--- SUPPLIED INFORMATION Enclosed Below ---

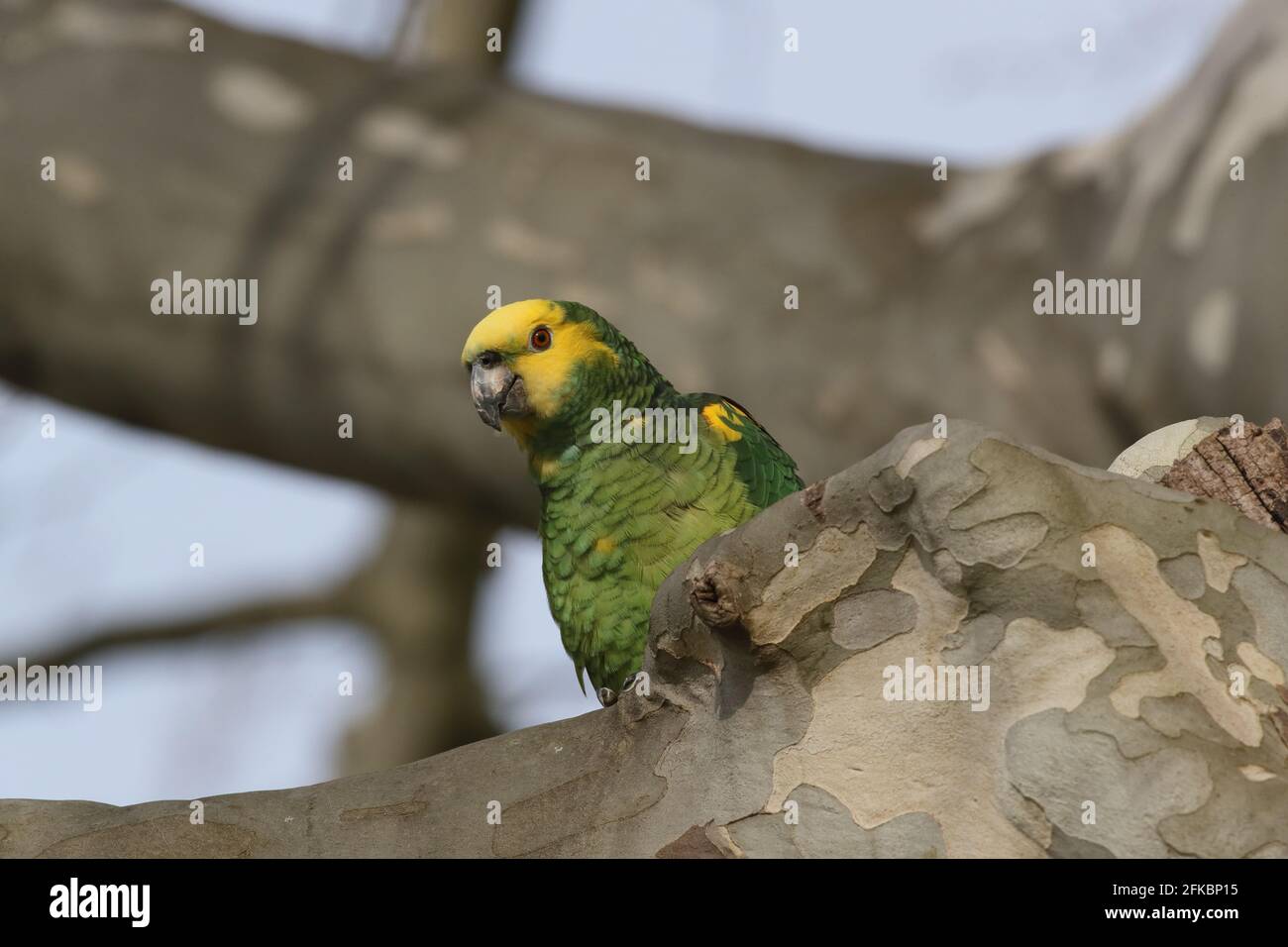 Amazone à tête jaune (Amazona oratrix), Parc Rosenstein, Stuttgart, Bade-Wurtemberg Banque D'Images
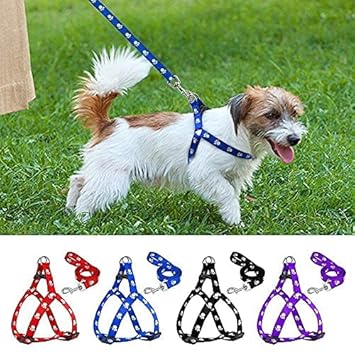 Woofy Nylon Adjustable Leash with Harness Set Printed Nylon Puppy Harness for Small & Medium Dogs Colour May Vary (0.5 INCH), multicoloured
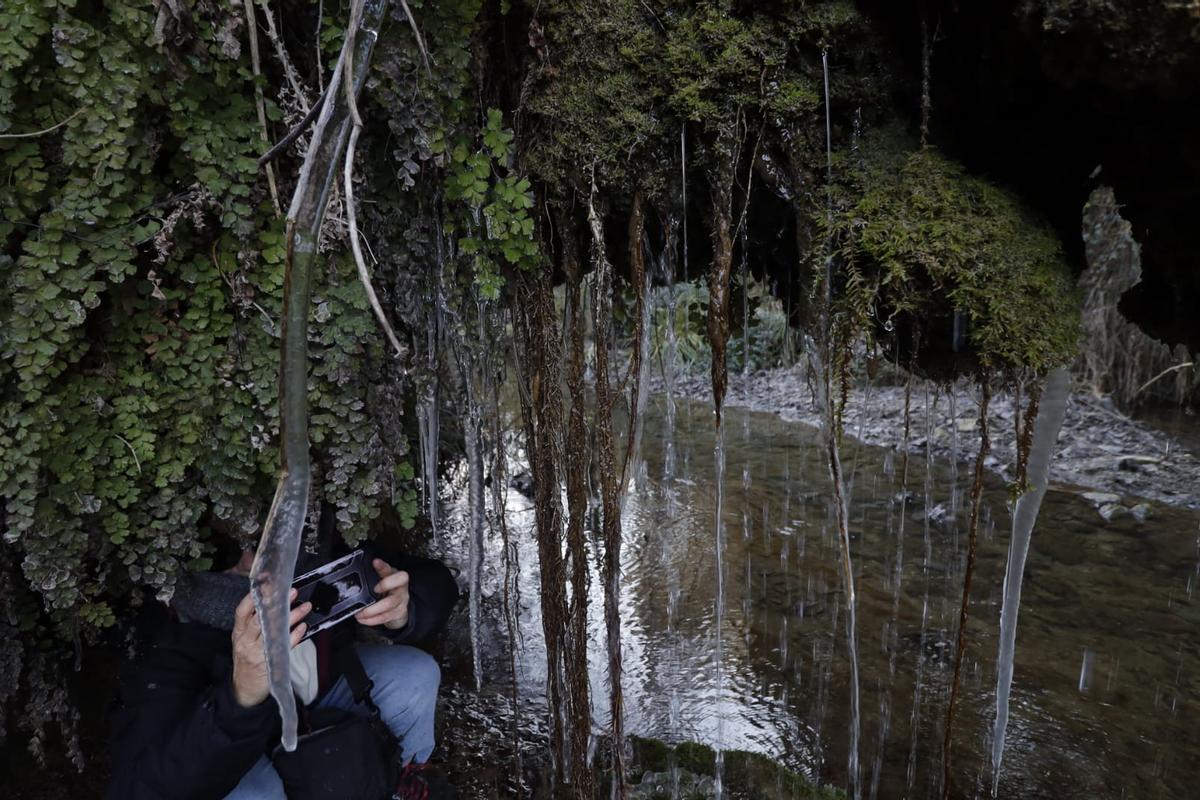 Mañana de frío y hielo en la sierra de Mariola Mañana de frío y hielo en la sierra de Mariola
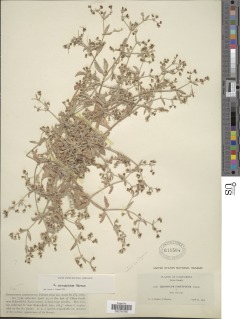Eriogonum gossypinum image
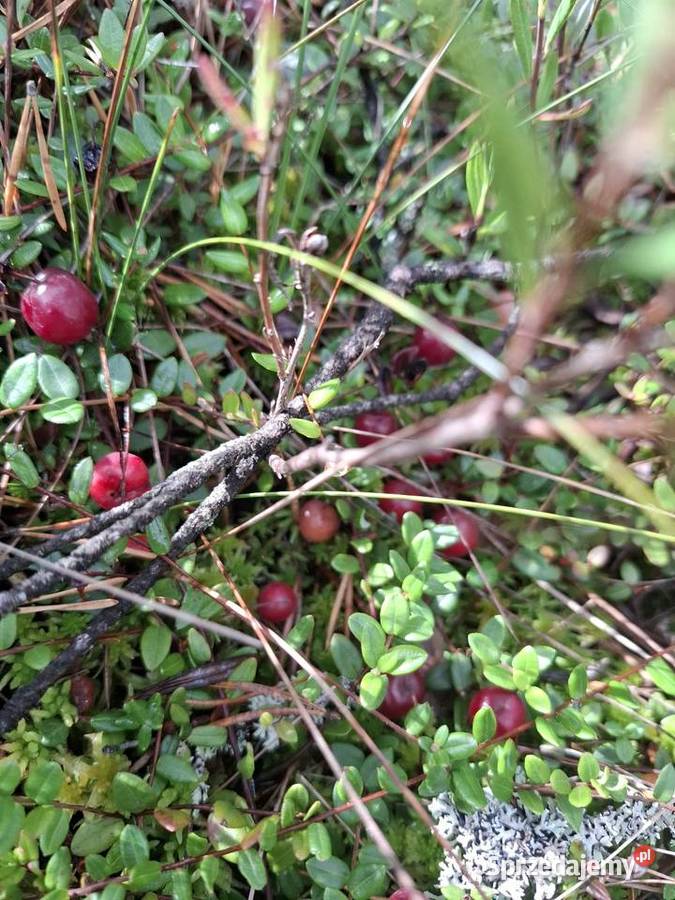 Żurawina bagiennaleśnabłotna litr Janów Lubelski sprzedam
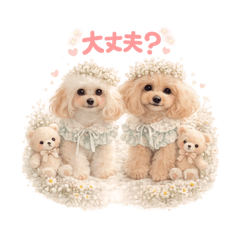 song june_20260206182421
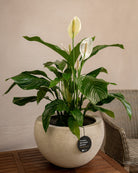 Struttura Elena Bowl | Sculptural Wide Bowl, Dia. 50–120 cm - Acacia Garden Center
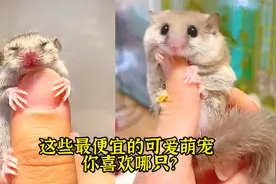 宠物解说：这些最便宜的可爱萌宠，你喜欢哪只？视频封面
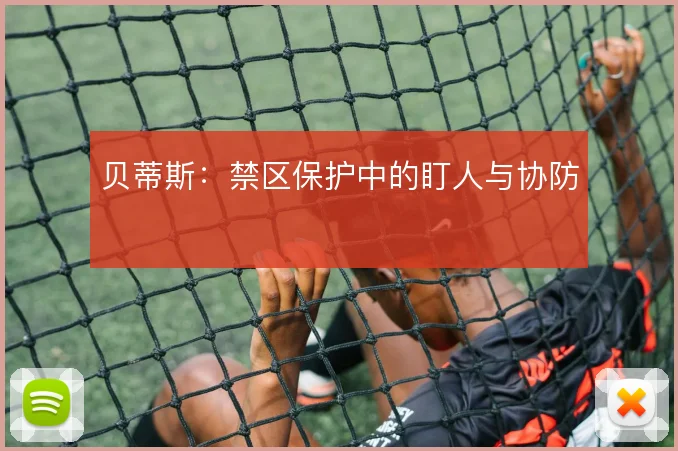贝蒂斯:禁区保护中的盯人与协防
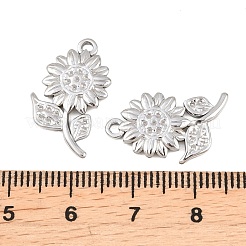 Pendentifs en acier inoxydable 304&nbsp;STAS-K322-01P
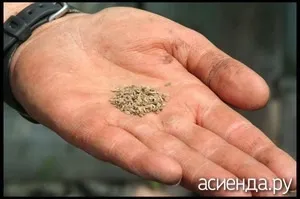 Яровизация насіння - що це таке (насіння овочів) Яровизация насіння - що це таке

--- End of Enclosed SUPPLIED INFORMATION ---

*WHAT YOU SHOULD DO*:
Each entry above should be given again exactly, with its pictures omitted.

*RESPONSE FOR THIS EXERCISE*:
 Amazone à tête jaune (Amazona oratrix), Parc Rosenstein, Stuttgart, Bade-Wurtemberg Banque D'Images
 Woofy Nylon Adjustable Leash with Harness Set Printed Nylon Puppy Harness for Small & Medium Dogs Colour May Vary (0.5 INCH), multicoloured
 Mañana de frío y hielo en la sierra de Mariola Mañana de frío y hielo en la sierra de Mariola
Eriogonum gossypinum image
 Żurawina bagiennaleśnabłotna litr Janów Lubelski sprzedam
 song june_20260206182421
 Struttura Elena Bowl | Sculptural Wide Bowl, Dia. 50–120 cm - Acacia Garden Center
 宠物解说：这些最便宜的可爱萌宠，你喜欢哪只？视频封面
贝蒂斯:禁区保护中的盯人与协防
 Pendentifs en acier inoxydable 304&nbsp;STAS-K322-01P
 Яровизация насіння - що це таке (насіння овочів) Яровизация насіння - що це таке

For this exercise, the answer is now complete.